(TASK TO COMPLETE) Look below for the line that contains "2021 KENWORTH T680" and the line that contains "foto do aniversário", then restate both of them and every line in between, exactly. No picture goes in the copy.

(SOURCE MATERIAL)
• • • • • • •
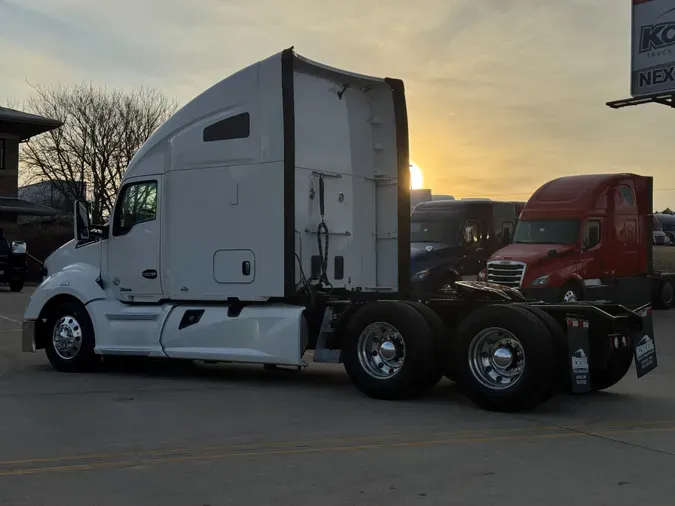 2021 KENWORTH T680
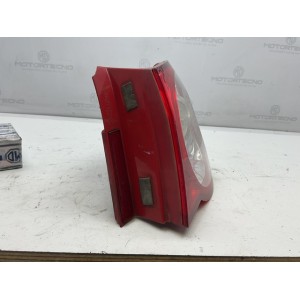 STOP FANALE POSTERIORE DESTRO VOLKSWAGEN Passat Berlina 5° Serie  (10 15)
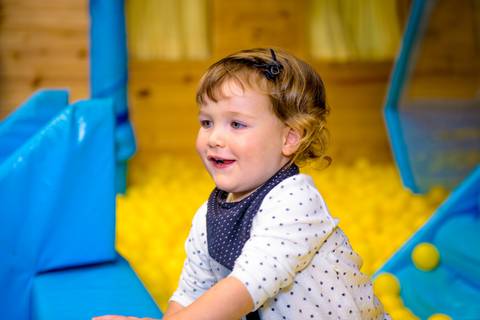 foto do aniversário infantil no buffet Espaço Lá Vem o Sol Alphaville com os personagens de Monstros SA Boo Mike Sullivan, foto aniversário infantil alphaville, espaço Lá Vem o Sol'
• • • • • • •
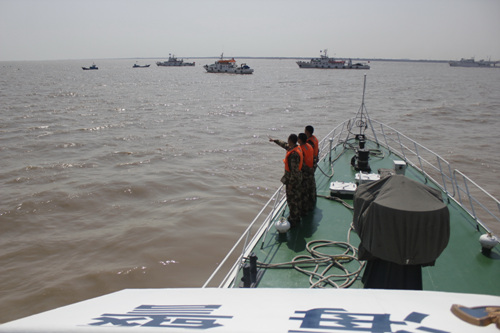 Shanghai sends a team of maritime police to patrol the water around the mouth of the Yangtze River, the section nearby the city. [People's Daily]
• • • • • • •
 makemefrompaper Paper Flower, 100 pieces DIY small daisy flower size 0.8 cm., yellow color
• • • • • • •
(TASK ANSWER)
 2021 KENWORTH T680
 STOP FANALE POSTERIORE DESTRO VOLKSWAGEN Passat Berlina 5° Serie  (10 15)
 foto do aniversário infantil no buffet Espaço Lá Vem o Sol Alphaville com os personagens de Monstros SA Boo Mike Sullivan, foto aniversário infantil alphaville, espaço Lá Vem o Sol'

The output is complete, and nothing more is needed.